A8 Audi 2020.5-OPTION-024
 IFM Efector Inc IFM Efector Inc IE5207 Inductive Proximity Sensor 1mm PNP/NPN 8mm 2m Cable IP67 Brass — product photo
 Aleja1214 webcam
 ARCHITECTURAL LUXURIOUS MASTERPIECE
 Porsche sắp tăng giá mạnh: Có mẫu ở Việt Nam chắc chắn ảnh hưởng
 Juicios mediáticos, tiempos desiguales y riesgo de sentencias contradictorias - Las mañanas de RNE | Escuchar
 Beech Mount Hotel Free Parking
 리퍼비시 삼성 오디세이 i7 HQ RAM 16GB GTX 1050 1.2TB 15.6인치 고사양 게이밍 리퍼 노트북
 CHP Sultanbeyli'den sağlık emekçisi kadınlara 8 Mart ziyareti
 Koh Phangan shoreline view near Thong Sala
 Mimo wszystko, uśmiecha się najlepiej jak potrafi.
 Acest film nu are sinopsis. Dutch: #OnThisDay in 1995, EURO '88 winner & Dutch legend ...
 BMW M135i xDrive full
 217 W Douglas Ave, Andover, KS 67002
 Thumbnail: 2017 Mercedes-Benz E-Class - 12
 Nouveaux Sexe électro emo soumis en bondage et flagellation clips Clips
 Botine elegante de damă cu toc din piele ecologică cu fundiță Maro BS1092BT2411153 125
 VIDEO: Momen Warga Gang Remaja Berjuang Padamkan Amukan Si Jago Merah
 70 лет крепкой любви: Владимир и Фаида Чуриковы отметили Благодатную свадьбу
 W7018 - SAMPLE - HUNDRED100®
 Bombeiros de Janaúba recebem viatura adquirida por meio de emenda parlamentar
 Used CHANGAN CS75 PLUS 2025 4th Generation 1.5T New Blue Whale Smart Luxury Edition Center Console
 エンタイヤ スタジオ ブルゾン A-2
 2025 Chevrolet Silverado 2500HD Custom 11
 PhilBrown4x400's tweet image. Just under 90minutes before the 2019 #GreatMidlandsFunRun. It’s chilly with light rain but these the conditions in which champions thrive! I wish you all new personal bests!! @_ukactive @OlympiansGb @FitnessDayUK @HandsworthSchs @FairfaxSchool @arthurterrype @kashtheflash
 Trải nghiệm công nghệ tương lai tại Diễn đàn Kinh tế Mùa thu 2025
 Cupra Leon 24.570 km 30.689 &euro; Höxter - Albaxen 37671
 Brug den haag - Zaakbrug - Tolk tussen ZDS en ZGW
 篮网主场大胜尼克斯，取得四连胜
-*-
> WHAT YOU WILL DO: Start to finish, give the listing again exactly.

> COMPLETED TASK:
A8 Audi 2020.5-OPTION-024
 IFM Efector Inc IFM Efector Inc IE5207 Inductive Proximity Sensor 1mm PNP/NPN 8mm 2m Cable IP67 Brass — product photo
 Aleja1214 webcam
 ARCHITECTURAL LUXURIOUS MASTERPIECE
 Porsche sắp tăng giá mạnh: Có mẫu ở Việt Nam chắc chắn ảnh hưởng
 Juicios mediáticos, tiempos desiguales y riesgo de sentencias contradictorias - Las mañanas de RNE | Escuchar
 Beech Mount Hotel Free Parking
 리퍼비시 삼성 오디세이 i7 HQ RAM 16GB GTX 1050 1.2TB 15.6인치 고사양 게이밍 리퍼 노트북
 CHP Sultanbeyli'den sağlık emekçisi kadınlara 8 Mart ziyareti
 Koh Phangan shoreline view near Thong Sala
 Mimo wszystko, uśmiecha się najlepiej jak potrafi.
 Acest film nu are sinopsis. Dutch: #OnThisDay in 1995, EURO '88 winner & Dutch legend ...
 BMW M135i xDrive full
 217 W Douglas Ave, Andover, KS 67002
 Thumbnail: 2017 Mercedes-Benz E-Class - 12
 Nouveaux Sexe électro emo soumis en bondage et flagellation clips Clips
 Botine elegante de damă cu toc din piele ecologică cu fundiță Maro BS1092BT2411153 125
 VIDEO: Momen Warga Gang Remaja Berjuang Padamkan Amukan Si Jago Merah
 70 лет крепкой любви: Владимир и Фаида Чуриковы отметили Благодатную свадьбу
 W7018 - SAMPLE - HUNDRED100®
 Bombeiros de Janaúba recebem viatura adquirida por meio de emenda parlamentar
 Used CHANGAN CS75 PLUS 2025 4th Generation 1.5T New Blue Whale Smart Luxury Edition Center Console
 エンタイヤ スタジオ ブルゾン A-2
 2025 Chevrolet Silverado 2500HD Custom 11
 PhilBrown4x400's tweet image. Just under 90minutes before the 2019 #GreatMidlandsFunRun. It’s chilly with light rain but these the conditions in which champions thrive! I wish you all new personal bests!! @_ukactive @OlympiansGb @FitnessDayUK @HandsworthSchs @FairfaxSchool @arthurterrype @kashtheflash
 Trải nghiệm công nghệ tương lai tại Diễn đàn Kinh tế Mùa thu 2025
 Cupra Leon 24.570 km 30.689 &euro; Höxter - Albaxen 37671
 Brug den haag - Zaakbrug - Tolk tussen ZDS en ZGW
 篮网主场大胜尼克斯，取得四连胜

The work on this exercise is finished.